====== DATA PROVIDED

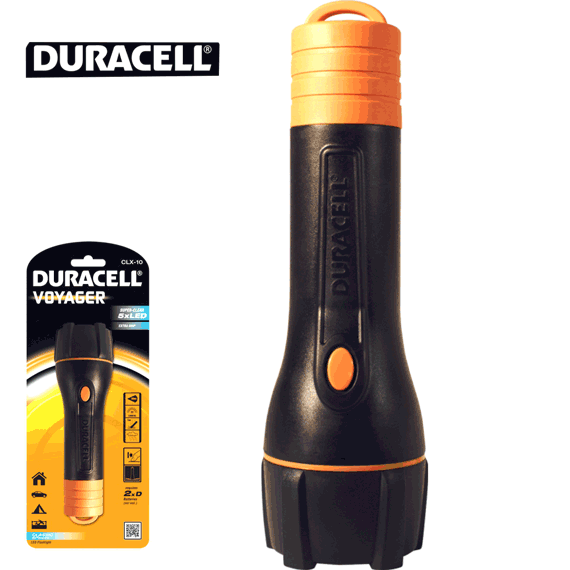 DURACELL CLX-10 LED El Feneri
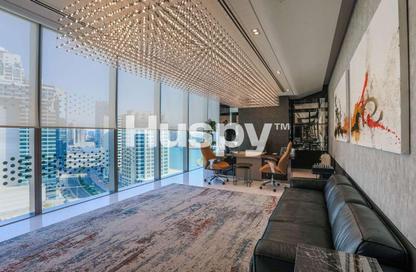 Office Space - Studio - 1 Bathroom for rent in The Opus - Business Bay - Dubai Office Space - Studio - 1 Bathroom for rent in The Opus - Business Bay - Dubai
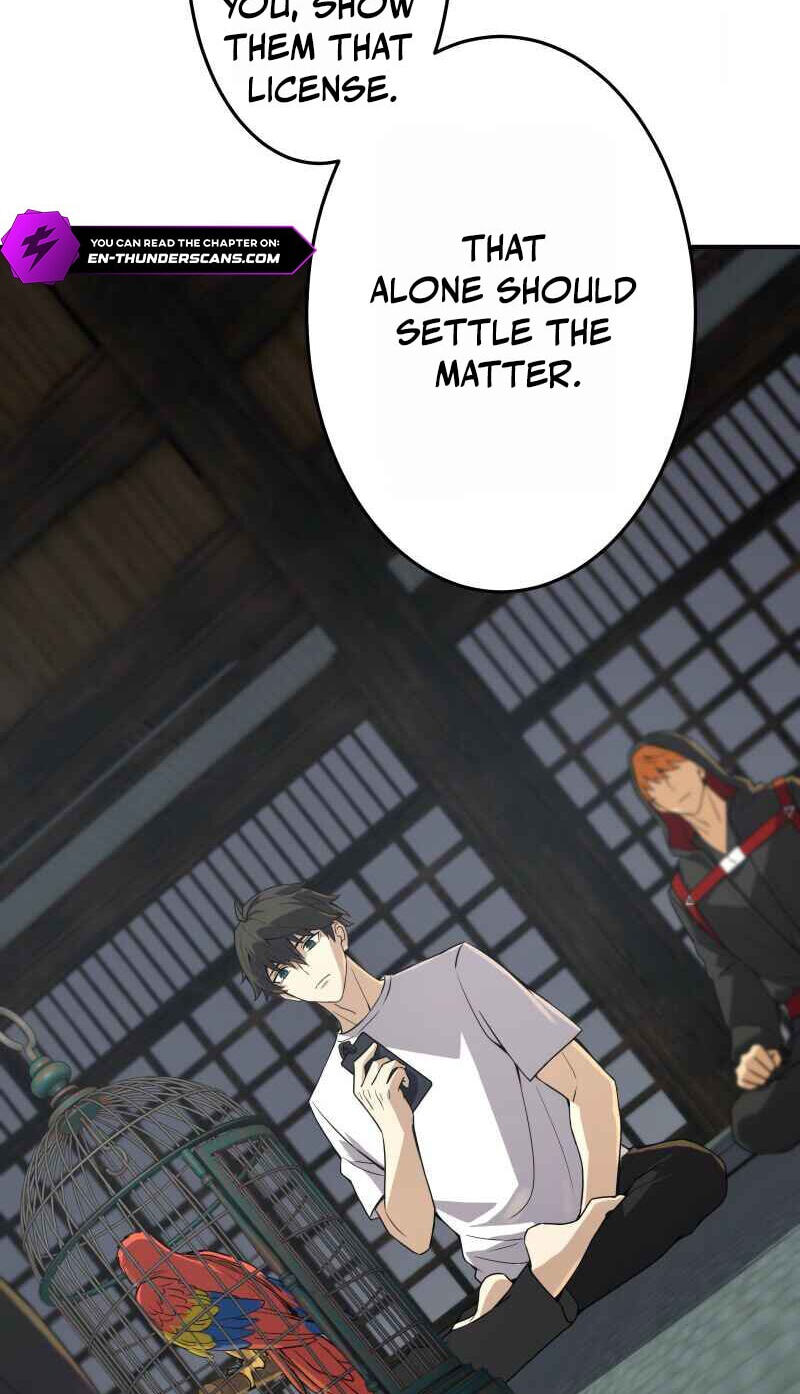 Ninja Royale ~Ji o Koeta Saikyou no Ninja~ Chapter 9 page 100 - 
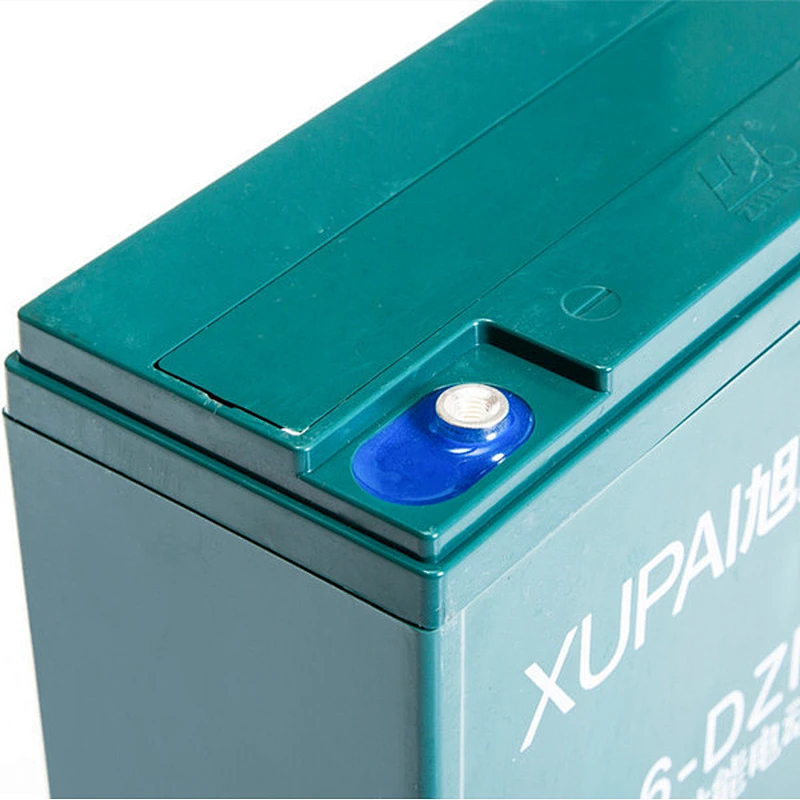 XUPAI 12V 20AH acid Battery 6 dzm 20 for e bike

============

Reproduce the whole listing above word for word, but not its pictures.

 DURACELL CLX-10 LED El Feneri
 Office Space - Studio - 1 Bathroom for rent in The Opus - Business Bay - Dubai Office Space - Studio - 1 Bathroom for rent in The Opus - Business Bay - Dubai
 Ninja Royale ~Ji o Koeta Saikyou no Ninja~ Chapter 9 page 100 - 
 XUPAI 12V 20AH acid Battery 6 dzm 20 for e bike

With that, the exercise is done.